Look, the money is in your hands, and if you want to spend it on tickets that's your decision to make, but since you were talking about math, I just thought I'd bring up the mathematical side of the thing. If you want to buy dreams, hey, it's your money. Some people justify it by saying it's fun, and all forms of entertainment cost money. Sure, okay. But as far as the mathematics of the thing are concerned, it's an expenditure, not an investment of any kind. Ordinarily I don't trouble most people with this, because it just upsets them, but you were showing enough interest in math that I thought maybe you'd be interested.

Given that you won't participate in a lottery because math says that your expected winning is less than your wager, would you participate in a gambling if the expected winnings is higher than the wager? Or to be more concrete, give the following game: a coin is flipped until it comes up head, on the nth flip. You are then paid 2ⁿ dollars. How much are you willing to pay to participate in this game? Standard math will say "everything you own". Despite there's a 50% chance you'll end up with 2 dollars.

There's a solution to this problem http://rec-puzzles.org/sol.pl/decision/stpetersburg and part of it that involves the observation that one's desire for money isn't linear in the amount of money involved. Your first million dollars means more to you than your second.

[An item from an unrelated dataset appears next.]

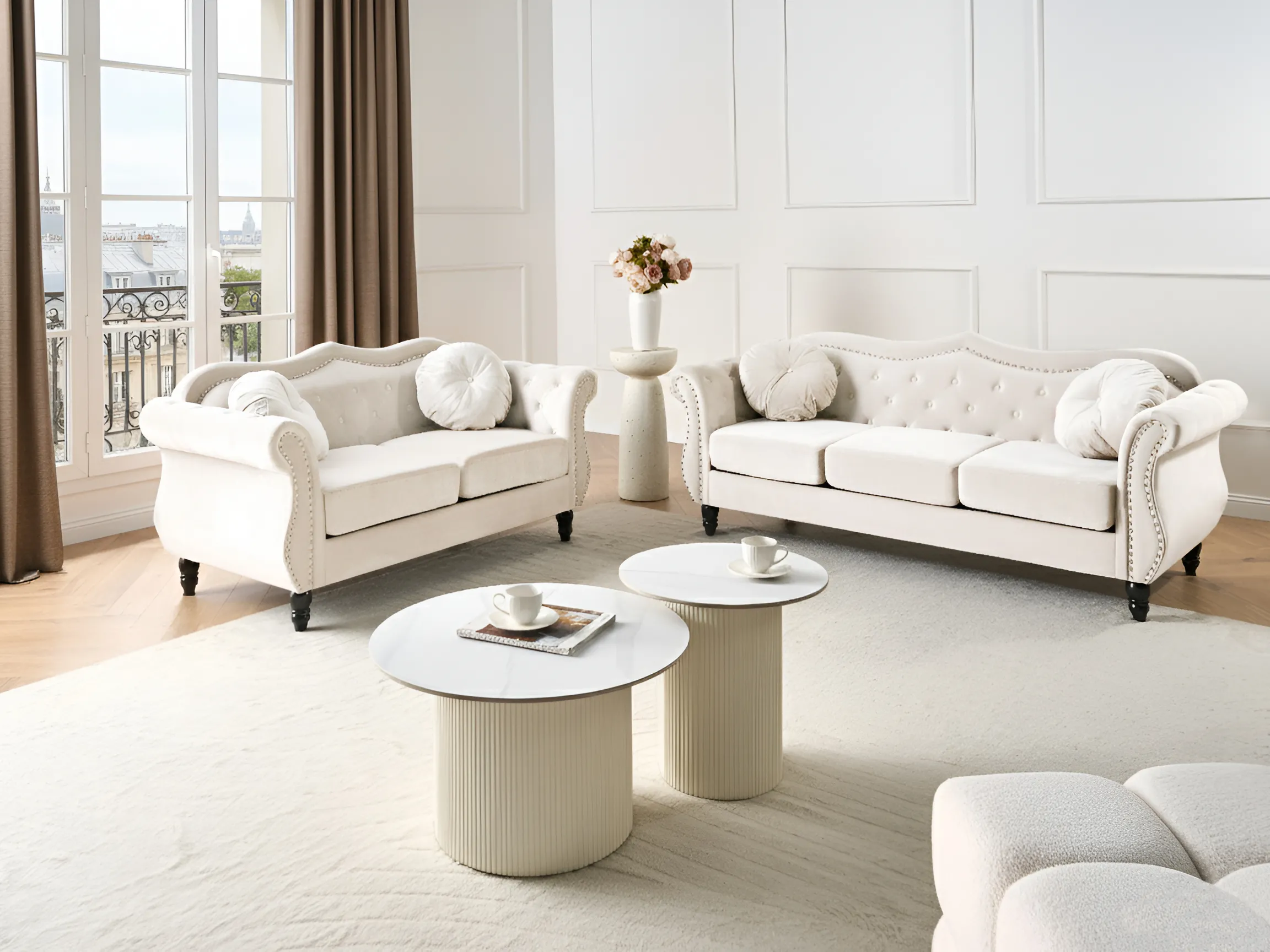 Bank 3-zits SKIEN Fluweel Lichtbeige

But there are other things involved as well. Even if people don't win at a lottery, they get something out of it. Just the thrill of participating, seeing the numbers fall, or the dream of getting rich. It's not at all different from people paying money to get into a roller-coaster. The expected monetairy gain is 0. Yet people are willing to pay the price, because it satisfies some need. That's an economical explaination, but economics involves a lot of math as well.

Abigail